Former Fannie CEO 'Sorry' for Company's Collapse

WASHINGTON — Two former Fannie Mae executives said that competing demands to boost profits and to satisfy a public mission created an "impossible" balancing that led to the company's demise as the housing downturn worsened.

"I was the CEO of the company and I accept responsibility for everything that happened on my watch," ex-Fannie chief executive Daniel Mudd said a hearing Friday investigating the causes of the financial crisis.

Fannie Mae and its smaller rival, Freddie Mac, were unlikely to have escaped losses during a prolonged national housing downturn, though those losses would have been less severe if Fannie hadn't made a big foray into riskier loans, Mr. Mudd said.

But he said the companies' were ultimately doomed by their flawed setup. As the housing crisis deepened, the companies were taken over by the government in September 2008 as rising losses threatened to wipe out their capital levels.

"I am sorry for that," Mr. Mudd said.

But a former top regulator rejected the view that Fannie Mae and Freddie Mac were unwitting victims of the housing bust and instead blamed a "deeply rooted...culture of arrogance and greed" at the companies. "I should be clear that this was a failure of leadership," Armando Falcon, the former head of the companies' regulatory agency, said in prepared testimony.

Friday's hearing by the Financial Crisis Inquiry Commission on the collapse of Fannie Mae and Freddie Mac comes as policy makers struggle to figure out what to do with the failed companies. So far, both companies have required more than $125 billion in taxpayer infusions and that number could grow.

Douglas Holtz-Eakin, a commissioner on the panel, predicted that the collapse of Fannie and Freddie would leave taxpayers with the "single largest bill we will face in this episode."

The hearing is likely to influence the debate over how to restructure the companies and the entire U.S. mortgage market. Commissioners attempted to shed more light on why the companies made the ill-fated decisions to boost their exposure to riskier "Alt-A" loans for borrowers with good credit but little documentation of income or assets.

Executives decided that new, riskier loans were "not a fad, but a growing and permanent change" that the companies couldn't ignore, Mr. Mudd said in his testimony. Faced with the prospect of becoming irrelevant as private lenders fueled by Wall Street took over a larger share of the market, the company opted to strike a "middle course" by trying to offer less risky versions of loans.

"Could we really sit out?" said Robert Levin, a 27-year Fannie veteran who retired in 2008. "That's what we were grappling with."

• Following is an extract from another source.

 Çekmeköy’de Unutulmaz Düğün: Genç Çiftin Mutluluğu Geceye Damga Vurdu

Taxpayers could pay a steep price for those decisions. Alt-A loans accounted for just 9% of Fannie's loan guarantee business, but represented nearly 40% of credit losses in the fourth quarter of 2009. Nearly 23% of Alt-A loans originated by Fannie Mae in 2007 were 90 days or more delinquent at the end of 2009. Mr. Mudd said that those loans still performed substantially better than those originated by private lenders.

As the housing crisis deepened in 2007 and 2008, Mr. Mudd said the company increasingly faced decisions that offered "horrible" choices between "unsavory alternatives." Those decisions often pitted taking on more risks to support the housing market as private lenders withdrew versus joining in the retreat and precipitating a far more severe damage to the market.

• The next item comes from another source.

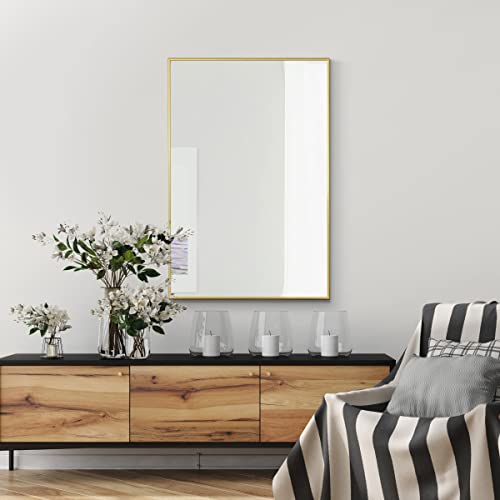 MirrorOutlet Grande specchio da parete in oro opaco design moderno della nostra gamma Manhattan, 92 x 61,5 cm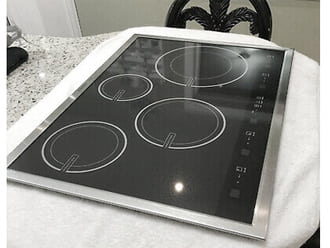 Bếp từ electrolux 4 thông minh tự nhận diện vùng nấu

While they are now wards of the state, Fannie and Freddie are playing a critical role in helping to heal broken housing markets and, together with the Federal Housing Administration, they enable nine in 10 new mortgages. The Obama administration, which is shepherding a financial-regulatory overhaul through Congress, has said it won't propose legislation to revamp the mortgage-finance market until next year.

Commissioners also tried to sort out the degree to which government mandates to support affordable housing were at fault for the companies' collapse. Alan Greenspan, the former Federal Reserve chairman, said on Wednesday that the companies had "paid whatever price was necessary" to meet those affordable-housing goals.

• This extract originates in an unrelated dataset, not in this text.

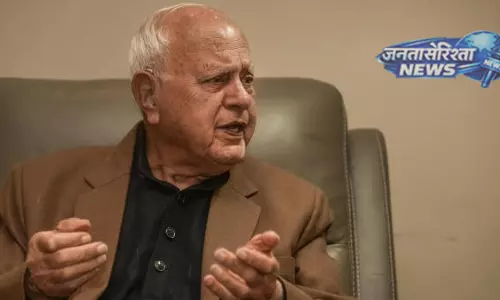 फारूक अब्दुल्ला ने पाकिस्तान से J&K में हिंसा रोकने की अपील की फारूक अब्दुल्ला ने पाकिस्तान से J&K में हिंसा रोकने की अपील की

But some commissioners and witnesses challenged that point of view on Friday. "The firms would not engage in any activity, goal fulfilling or otherwise, unless there was a profit to be made," Mr. Falcon said in prepared testimony.

Commissioner Heather Murren said that executive compensation standards were pegged to profit goals and not public mission. "I don't see that reflected anywhere in how you actually got paid," she told Mr. Mudd.

The former Marine and current chief executive of private-equity firm Fortress Investment Group LLC ascended to the top job at Fannie in 2004 after an accounting scandal prompted a management shakeup. He was forced to resign when the government took over the companies in September 2008.